In this story from Norse mythology, he willingly hung himself from Yggdrasil, the Tree of Life, for nine days while pierced with his own spear in order to gain knowledge of the runes. He then shared that knowledge with mankind.
It is unclear from Norse mythology whether the runes simply came to him from a combination of the trauma of the ordeal and looking into the heart of the cosmos, or whether they were in some way sent up to him from the Well of Urd, which is located at the base of Yggdrasil.
According to Norse mythology, this is where the Norns (the fates in Norse Mythology) live, and they carve runes onto the Tree of Life itself in order to write the fates of men.
Linguists suggest that the runes were adopted by Northern Europeans from early Italic alphabets. The first Germanic rune alphabet, known as Elder Futhark, emerged in about the first century AD. This alphabet was certainly used in Scandinavia as a full set of the 24 runic symbols has been found on the Kylver stone in Sweden.
With the rise of the Vikings, Scandinavian languages began to change and Elder Futhark was replaced by Younger Futhark from about AD800.
This was a shorter alphabet of only 16 runic symbols, and there were three slightly different versions of the alphabet in Denmark, Norway and Sweden.
These runes were used until about AD1200, when they were completely replaced by Latin due to the influence of Christianity.
While few examples of Elder Futhark in use survive, Younger Futhark seems to have been used widely. More than 6,000 inscriptions using Younger Futhark symbols survive from around Scandinavia.
The runes were generally carved into stone, wood, bone, metal or other hard surfaces.
This probably explains the sharp straight lines of the alphabet, which would have been easier to inscribe on hard surfaces than rounded letters.
Like our own familiar alphabet, the runes symbolize sounds, that can be used to spell out different words.

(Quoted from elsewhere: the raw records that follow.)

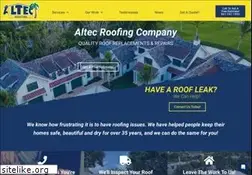 Sites similar to altecroofing.com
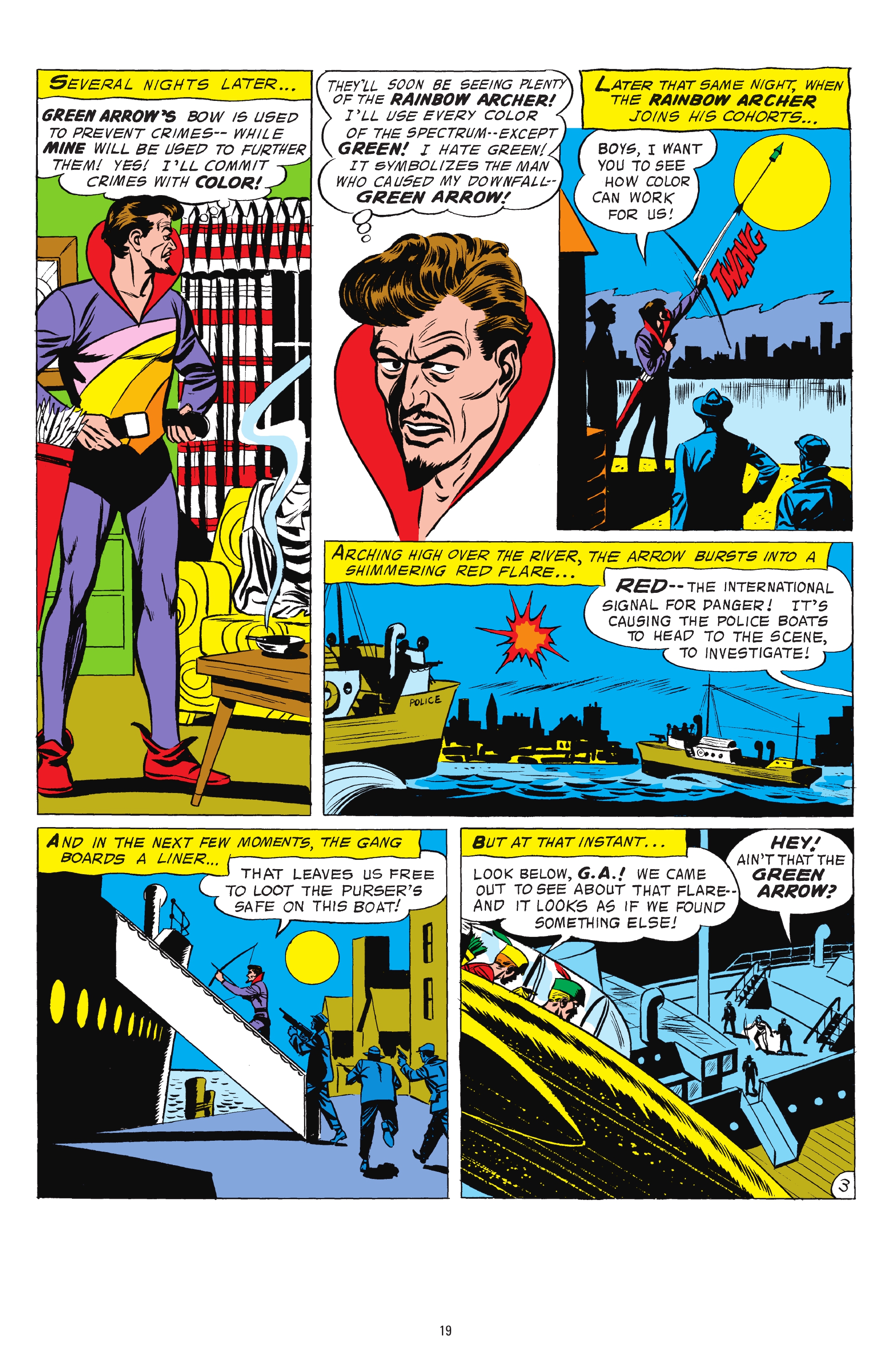 Read online Green Arrow: 80 Years of the Emerald Archer: The Deluxe Edition comic -  Issue # TPB (Part 1) - 19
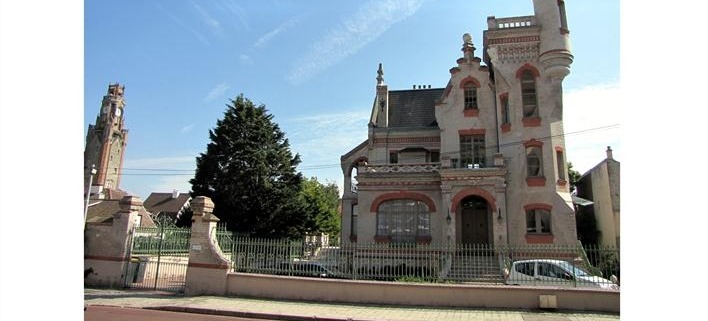 Le Castel in Le Touquet: vrij naar Doornroosje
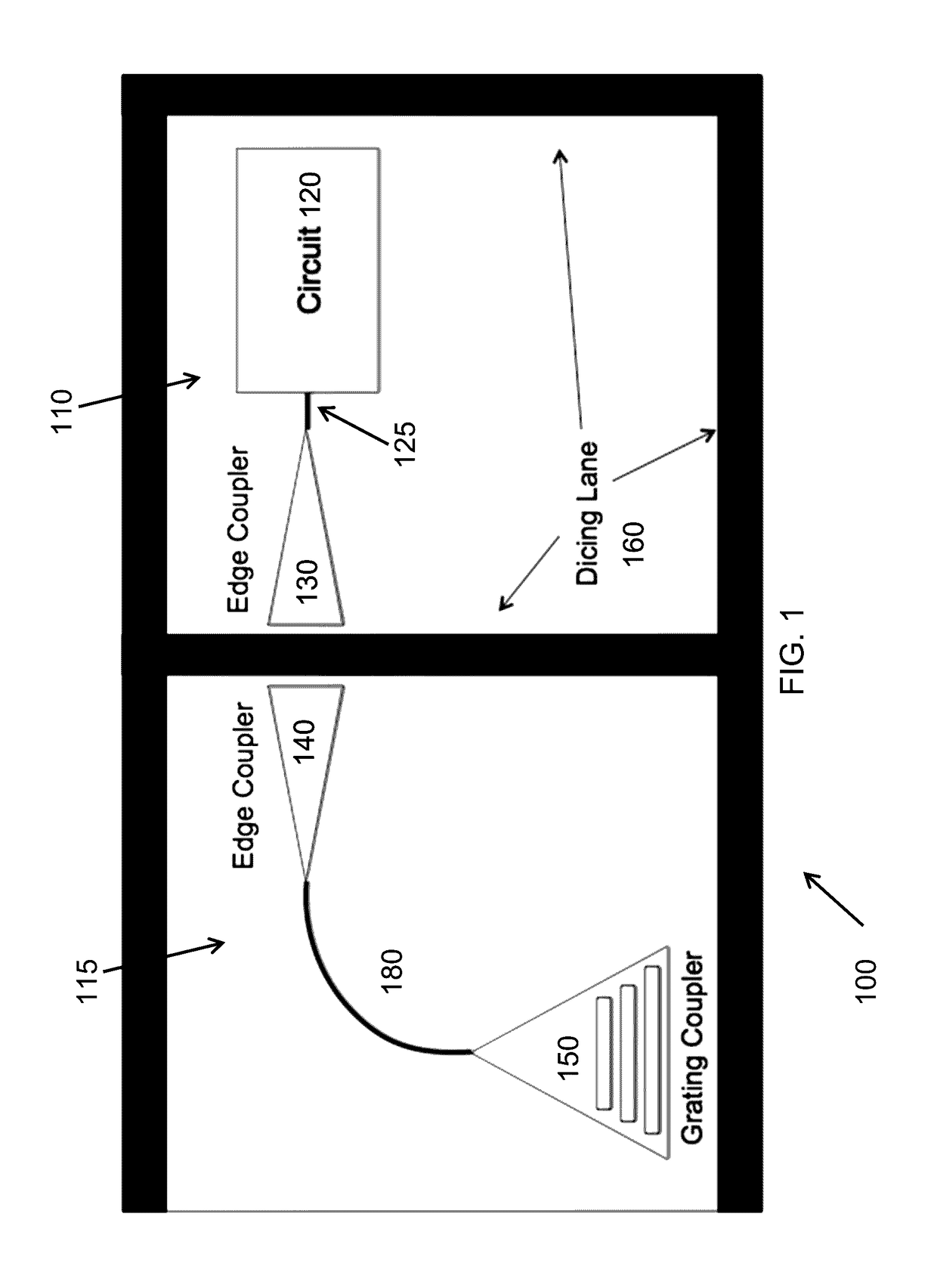 Test systems and methods for chips in wafer scale photonic systems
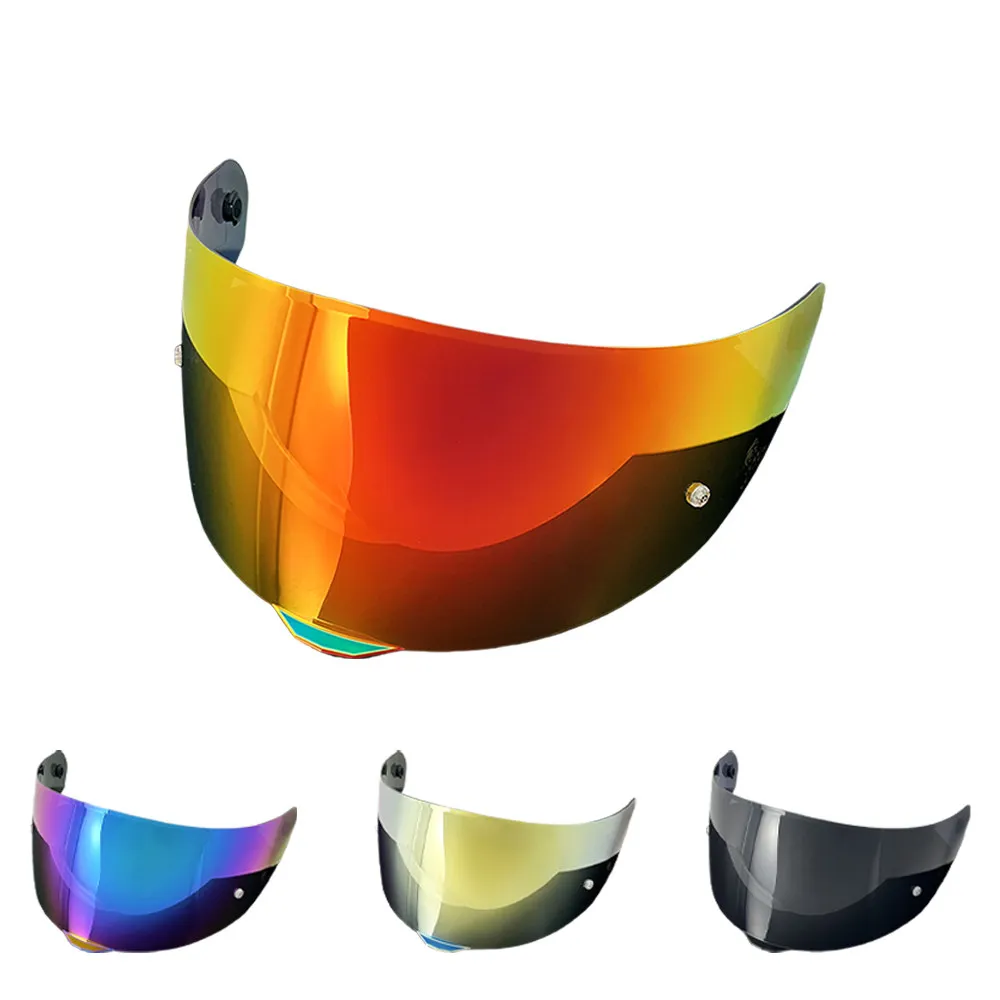 Replacement Mirror Visor Fit For LS2 FF820 RAPID III Helmet, Anti UV Sun Protection Day Night Universal Motorcycle Helmet Lens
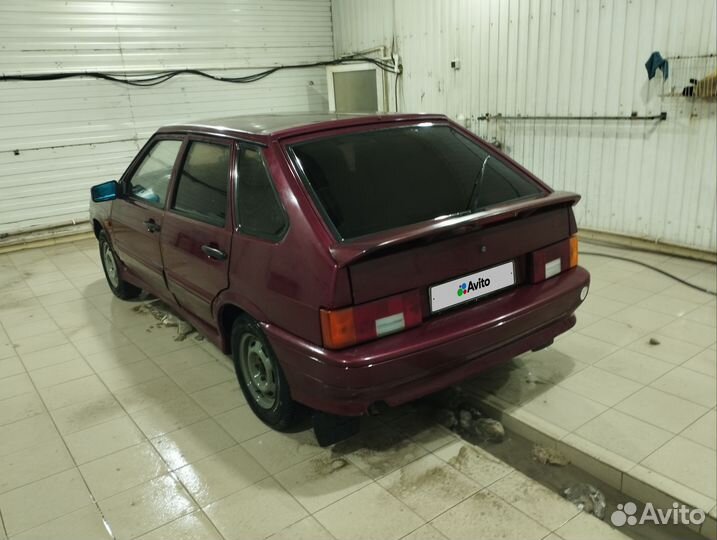 ВАЗ 2114 Samara 1.5 МТ, 2004, 150 000 км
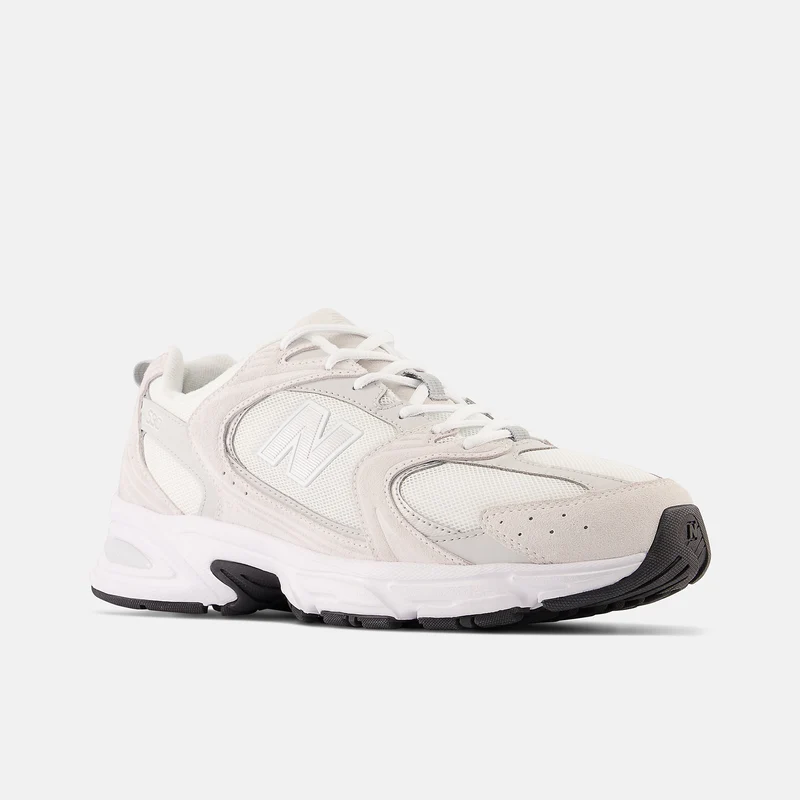 New Balance Unisex 530 Fashion Trainer – Meersalz / Grau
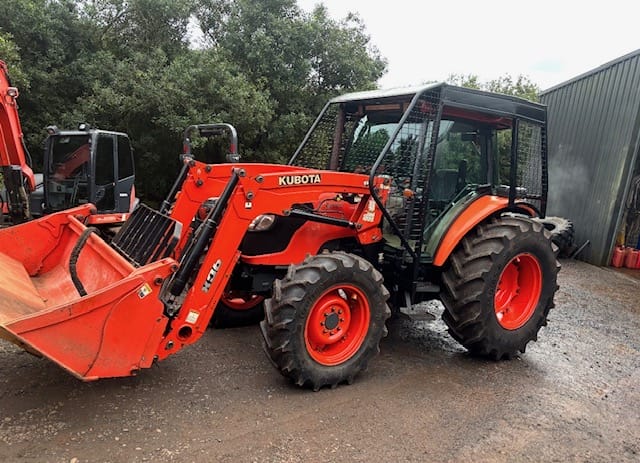 SOLD KUBOTA M9540 DHC DS - Ongmac Trading Pty Ltd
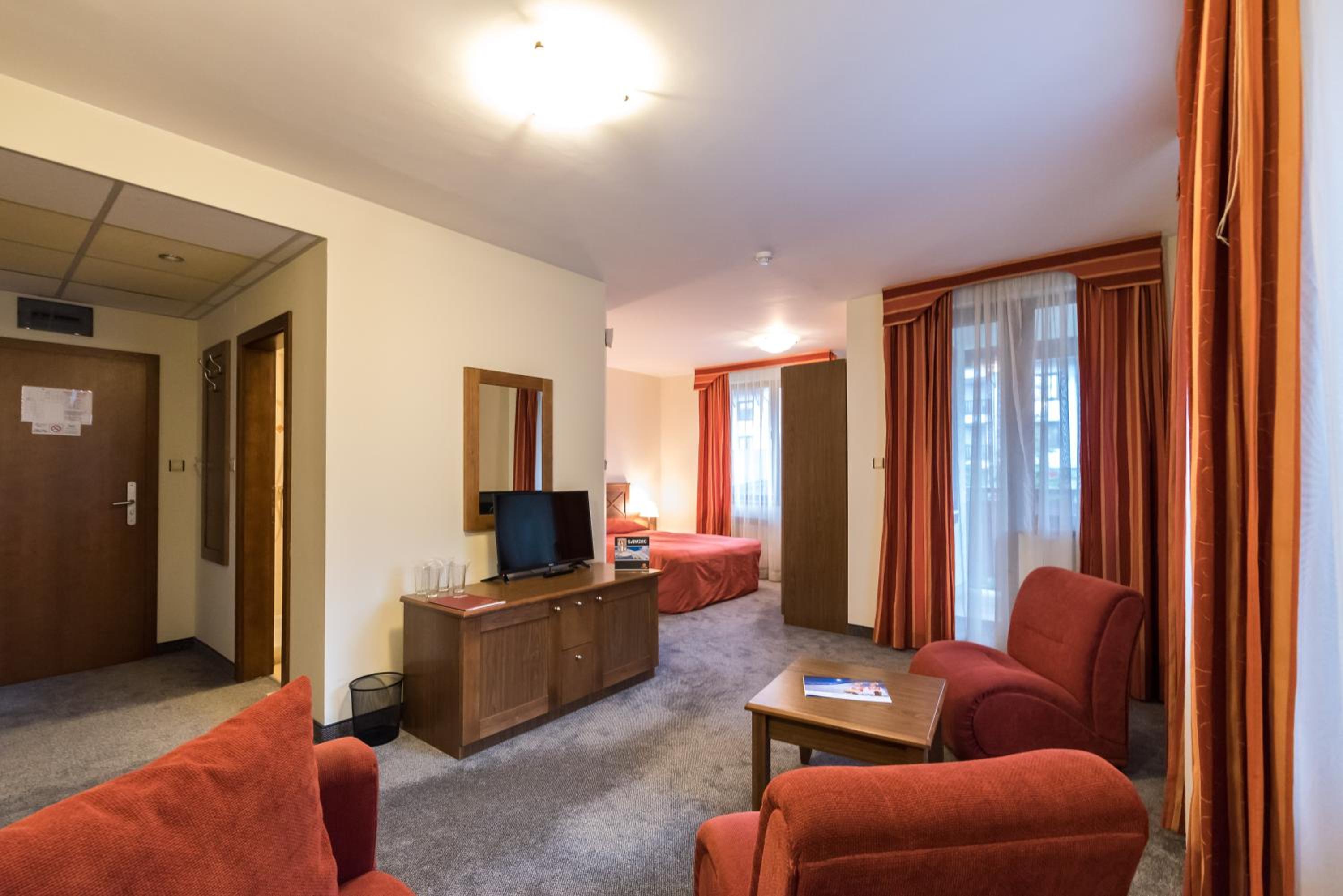 Two-Bedroom Suite with Balcony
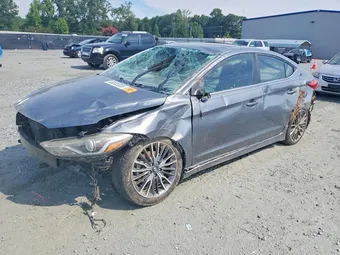 2018 Hyundai Elantra KMHD04LB0JU522767 Lot 60555306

They were used in this way for mundane notes and records as required. But each rune also had a philosophical and magical significance.
Below is a list of the names of the individual Norse runes and what those names mean in Old Norse. Also given are the sound associated with each rune, and the general significance of the rune.
These insights have all been garnered from rune poems documented from Iceland and Norway that provide a short description of each of the runes.
The Romans, observing pre-Vikings Germanic people, observed that they used the runes for magical purposes and record practices such as carving runic symbols onto sticks and throwing them on the ground to see a pattern.
A Viking poem hints at the same practice in the Viking age, describing wooden chips carved with the runes being tossed into blood in order to divine the future.
From stories of Norse mythology, it seems that the magical art of Seidr, which involved discerning and changing fate, involved the runes. Odin, finder of the runes, along with the goddess Freya, was considered expert in the practice, and as we know the Norns used the runes to control fate.
A story from the Norse sagas also points to the magical powers of the runes. In the Saga of Egil, the warrior encounters a farmer whose daughter is very ill. Investigating the situation, he discovers that a whale bone with a crudely carved rune symbol has been placed in her bed, probably by a local boy in an attempt to help the girl.
Unfortunately, the boy’s knowledge of the runes appears to have been minimal and he had carved a rune that was making her worse rather than better. As a master of the runes, Egil destroys the rune and inscribes a different runic symbol to counteract the ill effects of the original rune.
Other episodes in the Norse sagas tell of victory runes carved onto weapons, wave runes carved into the sides of ships and oars, birth runes that offer assistance during childbirth, and life runes that can treat wounds and illness.
Runic magic based on earlier Viking runes was still practiced in Iceland from the 1400s to the 1800s. There are texts that record a number of magical staves, known as Galdrastafir.
These symbols appear to have had a wide range of purposes including killing an enemy’s cattle, promoting fertility, guidance through bad weather and warding off thieves.
Among the most well-known of these symbols were Vegvísir, which was inscribed on ships in order to ensure that they could find their way home. It had a meaning similar to ‘wayfinder’ and was also worn as a talisman of luck and protection.
Another potent symbol was Aegishjalmir, also known as Hel of Awe, which was believed to grant great strength and ensure a warrior’s victory against his enemies. Some Icelandic folktales suggest that warriors would paint this symbol on their forehead before battle.
For the Vikings, the runes were more than just an alphabet, they were a series of potent symbols that could make ideas solid and alter the reality in which they lived. The Vikings believed that words had power, and should be used wisely.